> **Prompt**
Every line below between the line holding "Cloud Shorty Layette - Sky Blue Check" and the line holding "Handloom Tussar Silk", inclusive, should be repeated exactly, and all other lines omitted.

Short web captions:
▼

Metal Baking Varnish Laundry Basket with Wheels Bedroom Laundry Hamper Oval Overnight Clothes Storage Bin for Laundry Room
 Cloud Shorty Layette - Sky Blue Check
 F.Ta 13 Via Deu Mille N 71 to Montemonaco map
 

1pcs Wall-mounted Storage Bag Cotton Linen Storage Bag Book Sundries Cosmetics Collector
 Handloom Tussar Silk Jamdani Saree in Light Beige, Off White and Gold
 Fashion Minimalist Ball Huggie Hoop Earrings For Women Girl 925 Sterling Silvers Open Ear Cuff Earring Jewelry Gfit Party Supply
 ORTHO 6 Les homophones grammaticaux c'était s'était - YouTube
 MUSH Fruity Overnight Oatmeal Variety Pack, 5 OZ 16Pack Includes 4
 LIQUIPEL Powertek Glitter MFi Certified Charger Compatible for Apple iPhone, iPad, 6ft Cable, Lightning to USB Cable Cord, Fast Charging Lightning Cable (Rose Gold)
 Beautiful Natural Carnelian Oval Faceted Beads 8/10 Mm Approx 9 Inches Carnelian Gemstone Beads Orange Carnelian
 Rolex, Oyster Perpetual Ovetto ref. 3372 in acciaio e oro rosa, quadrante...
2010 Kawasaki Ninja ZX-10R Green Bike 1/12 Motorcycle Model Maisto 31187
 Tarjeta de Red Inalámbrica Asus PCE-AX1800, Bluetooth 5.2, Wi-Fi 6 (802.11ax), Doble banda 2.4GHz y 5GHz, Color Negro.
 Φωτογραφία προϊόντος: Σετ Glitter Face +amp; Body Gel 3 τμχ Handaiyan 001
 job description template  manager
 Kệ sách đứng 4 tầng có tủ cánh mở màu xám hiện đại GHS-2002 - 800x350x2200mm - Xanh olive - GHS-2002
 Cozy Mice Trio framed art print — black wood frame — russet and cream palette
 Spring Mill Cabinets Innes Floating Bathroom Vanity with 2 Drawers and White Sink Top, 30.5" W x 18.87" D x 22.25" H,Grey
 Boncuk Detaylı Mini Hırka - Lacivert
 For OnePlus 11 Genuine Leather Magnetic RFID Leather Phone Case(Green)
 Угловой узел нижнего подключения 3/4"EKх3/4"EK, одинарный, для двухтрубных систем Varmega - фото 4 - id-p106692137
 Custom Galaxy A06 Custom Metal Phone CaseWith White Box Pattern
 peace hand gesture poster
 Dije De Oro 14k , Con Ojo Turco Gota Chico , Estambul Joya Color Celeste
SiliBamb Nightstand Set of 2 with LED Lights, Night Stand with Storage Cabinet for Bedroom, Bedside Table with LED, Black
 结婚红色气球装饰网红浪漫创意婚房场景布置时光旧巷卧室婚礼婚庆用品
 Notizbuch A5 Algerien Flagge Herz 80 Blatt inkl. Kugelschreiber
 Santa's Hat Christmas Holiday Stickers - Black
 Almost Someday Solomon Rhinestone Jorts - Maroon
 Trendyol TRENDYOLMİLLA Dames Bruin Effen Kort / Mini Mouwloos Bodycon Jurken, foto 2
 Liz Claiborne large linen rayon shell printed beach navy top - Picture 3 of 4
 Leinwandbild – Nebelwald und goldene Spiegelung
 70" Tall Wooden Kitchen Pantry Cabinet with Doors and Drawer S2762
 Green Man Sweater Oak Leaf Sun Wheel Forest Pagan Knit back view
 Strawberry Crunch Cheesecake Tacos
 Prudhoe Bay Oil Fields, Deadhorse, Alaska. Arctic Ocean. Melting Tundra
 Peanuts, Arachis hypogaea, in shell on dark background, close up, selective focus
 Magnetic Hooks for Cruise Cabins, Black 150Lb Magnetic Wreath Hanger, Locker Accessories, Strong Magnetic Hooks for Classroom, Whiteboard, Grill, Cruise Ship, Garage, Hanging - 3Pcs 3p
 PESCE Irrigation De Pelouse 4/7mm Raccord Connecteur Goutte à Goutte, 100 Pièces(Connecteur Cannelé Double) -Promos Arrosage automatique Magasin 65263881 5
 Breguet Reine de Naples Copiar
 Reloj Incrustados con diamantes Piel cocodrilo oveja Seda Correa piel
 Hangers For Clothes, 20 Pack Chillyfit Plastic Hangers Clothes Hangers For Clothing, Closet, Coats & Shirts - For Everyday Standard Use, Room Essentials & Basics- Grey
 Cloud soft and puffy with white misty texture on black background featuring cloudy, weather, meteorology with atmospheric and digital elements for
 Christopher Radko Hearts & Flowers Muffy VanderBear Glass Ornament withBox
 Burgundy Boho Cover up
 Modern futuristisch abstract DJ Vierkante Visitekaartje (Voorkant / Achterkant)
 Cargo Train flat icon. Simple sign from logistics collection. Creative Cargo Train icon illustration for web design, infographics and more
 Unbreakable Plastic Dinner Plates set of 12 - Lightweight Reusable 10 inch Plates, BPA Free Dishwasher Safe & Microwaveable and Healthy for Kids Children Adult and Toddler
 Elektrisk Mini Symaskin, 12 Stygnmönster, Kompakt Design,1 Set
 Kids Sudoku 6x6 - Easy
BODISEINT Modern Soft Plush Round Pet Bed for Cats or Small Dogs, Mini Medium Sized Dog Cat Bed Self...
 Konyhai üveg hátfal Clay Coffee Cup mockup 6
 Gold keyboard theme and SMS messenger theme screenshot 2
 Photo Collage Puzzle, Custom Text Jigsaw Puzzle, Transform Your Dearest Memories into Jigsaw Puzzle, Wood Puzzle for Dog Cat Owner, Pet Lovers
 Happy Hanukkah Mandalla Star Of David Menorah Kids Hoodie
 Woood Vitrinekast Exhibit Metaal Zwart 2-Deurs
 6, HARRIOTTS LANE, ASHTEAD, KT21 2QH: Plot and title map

▲

> **Answer for this exercise**
 Cloud Shorty Layette - Sky Blue Check
 F.Ta 13 Via Deu Mille N 71 to Montemonaco map
 

1pcs Wall-mounted Storage Bag Cotton Linen Storage Bag Book Sundries Cosmetics Collector
 Handloom Tussar Silk Jamdani Saree in Light Beige, Off White and Gold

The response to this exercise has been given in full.